人間の幸福の価値観は個人差があります。それは不幸に対しても同じ。
目黒の秋刀魚を食べて喜ぶ殿様は、尾頭付きの鯛なんかに感動なんてしません。
途方もない厄災を背負った人が、
視界に自分の鼻が見えて気になると悩む人を慰める場合もある。
それでも、幸福や不幸は個人的なもので、とても比較できる代物ではない。
その個人としての人間には、越えられない一線があるものです。
それを、「こだわり」と訳せばいいのか、わからない。
本郷の坂を下りれば小石川界隈。
先月、28日にここで事件は起きました。
「東京・小石川一家6人死傷」事件。
唯一、無傷で難を逃れた小学校6年生の長女が近所に助けを求めた。
「うちが大変なことになっている」
ニュースで御存知ですよね。
凶行を行った父親は42歳でしたね。なんとも痛ましい事件でした。
その翌日、私は武田さんと恒例の二人だけの花見で、中川の土手でこの事件を語った。
製本会社を経営しているそうでした。
小石川という音羽の講談社のお膝元。
また、大日本や凸版印刷の城下町のひとつでもあります。
事件の動機には、印刷会社の工場が埼玉に移転することから、
この父親の会社も移転を余儀なくされたことから。
数年前に、脳梗塞で倒れた祖父が頑なにそれを反対していたそうです。
板挟みの父親。動機の最後に「ストレス」という言葉が適用させる。
製本会社って聞くと中小企業という言葉が浮かびますよね。
活字離れで本が売れない時代。
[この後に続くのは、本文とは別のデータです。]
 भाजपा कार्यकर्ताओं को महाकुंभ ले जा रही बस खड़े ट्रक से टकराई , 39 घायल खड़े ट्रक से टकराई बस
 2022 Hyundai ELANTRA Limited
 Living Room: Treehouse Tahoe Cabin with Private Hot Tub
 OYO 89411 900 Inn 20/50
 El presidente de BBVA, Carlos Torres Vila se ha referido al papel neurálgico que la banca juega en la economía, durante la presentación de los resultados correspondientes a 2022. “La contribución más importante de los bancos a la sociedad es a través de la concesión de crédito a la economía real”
出版社、印刷会社以上に、
こういった中小の関連業界は大変です。
武田さんはこう話していました。
「 馬太郎君、あの辺りの製本屋とかは結構な資産家なんだよ。
昔からやっているから敷地面積も広い。
亡くなった先代も犯人の旦那も、その一線が越えられなかったんだろう。
中小といえども、小であっても、長は長だからね。
それまでの生活や価値観はなかなか変えられないものだ。 」
人間が生きて往くには、様々な「しがらみ」があるものです。
あちらを立てればこちらが立たない。
この父親の凶行をそこからの過度のストレスから正常な判断ができなかった。
と、結論づけてしまえば、その通りですけどね。
その話を先日、ハル教授に話したら、彼はこう言っていました。
「 あの事件で思い止まった同業者がたくさんいたでしょうね。 」
違う世界、違う環境の人間からみれば、大した「一線」ではないと思うかもしれません。
都内の土地を処分して、埼玉に移転することが、都落ち?
そこまで思い詰める必要があるのかと。
税金の問題もあったかもしれません。それでも、
そこまで追いつめた原因の根底にある大切な家族を手にかけてまで、、、。
人間には越えられない一線がある。
けれども、それを越えた人間と越えられない人間の差は大きいものです。
運命は変化して、必ず私たちに何かのシグナルを、兆しを与えます。
それを幸運とか不運とか判断するのではなく、
その兆しをつかんで、次の一歩を踏み出す勇気が必要だと思います。
他人の不幸は蜜の味。とか、他人の不幸を傍観して胸をなでおろす。
なんてことではなく、自分の越えられない一線っていうものを
常日頃、考えておく必要があります。
誰のためではなく、自分のために。